As anyone who ever saw Sunil Gavaskar stride into the field at the peak of his career knows, nothing was impossible for the Little Master. He could tear apart a bowling attack with a mere flick of his wrists. He could have his opponents tearing their hair out in frustration as he heaved ball after well-delivered ball to the boundary. He could detonate bombs, overpower kidnappers and fly through the air like Superman.

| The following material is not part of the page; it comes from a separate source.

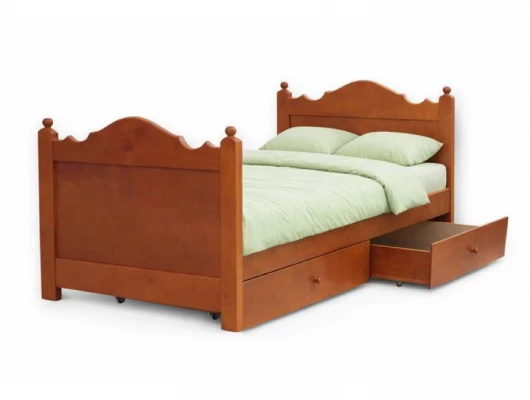 Кровать Велес Арт Фея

Unfortunately, the last set of activities haven’t been recorded in the pages of Wisden. Instead, they’re recounted in a short-lived comic series titled Sunny The Super Sleuth, which transformed India’s doughty opening batsman into a superhero who battled cricketers from Bandookstan and England on the field and, between games, took on evil magicians who lived beyond the outer range of the Himalayas.

Sunny The Super Sleuth, three issues of which appeared over a few months in 1984, was the brainchild of journalists Bharat and Shalan Savur. “Action heroes weren’t a new idea, but turning a cricket hero into one was,” said Bharat Savur. The Shavurs said they were loosely inspired by another Indian comic-book series of the time, Supremo, scripted by the lyricist Gulzar, which featured Amitabh Bachchan as a caped wonder.

As it turned out, Bharat Shavur and Gavaskar had been friends at St Xavier’s College in the mid-’60s, and the cricketer immediately jumped at the idea. “I was surprised and excited when it was proposed,” Gavaskar said in an email interview. After auditioning several illustrators, the Shavurs chose adman Prabhakar Waikar to turn their stories into comics. They organised a long photo shoot with Gavaskar, clicking him from every possible angle to give them ample visual reference material for the strip.

The Shavurs would brainstorm about ideas after work (he was at the men’s magazine, Debonair, and she was at the women’s magazine, Saavy) to generate a script for Waikar. He then visualised the situations, drawing local landmarks – Regal Cinema and the Willingdon Fountain, among them – into the panels. Gavaskar didn’t need to approve the stories before they were printed but Bharat Savur “would let me know before hand what it was going to be”, the cricketer said.

After enthusiasm for the books petered out, a fourth book (which featured an actress suspiciously looking like Sarika and the wonderfully named Sheikh Vell Befo Yuse) was serialised in newspapers around India.

In the age of graphic novels, it’s now belatedly obvious that the Savurs were pioneers in giving comics a contemporary Indian context. But at the time, not everyone was impressed with their efforts. “These personality-oriented comics are a retrogressive step,” tut-tutted an article by Angana Parekh in the Sunday Express in 1984 about Sunny and Supremo. “The Indian psyche is very receptive to the personality cult and to make heroes out of ordinary people is not a difficult task in this country. These comics are reinforcing the tendency to attribute superhuman qualities to ordinary humans, in the same way that commercial Hindi films do.”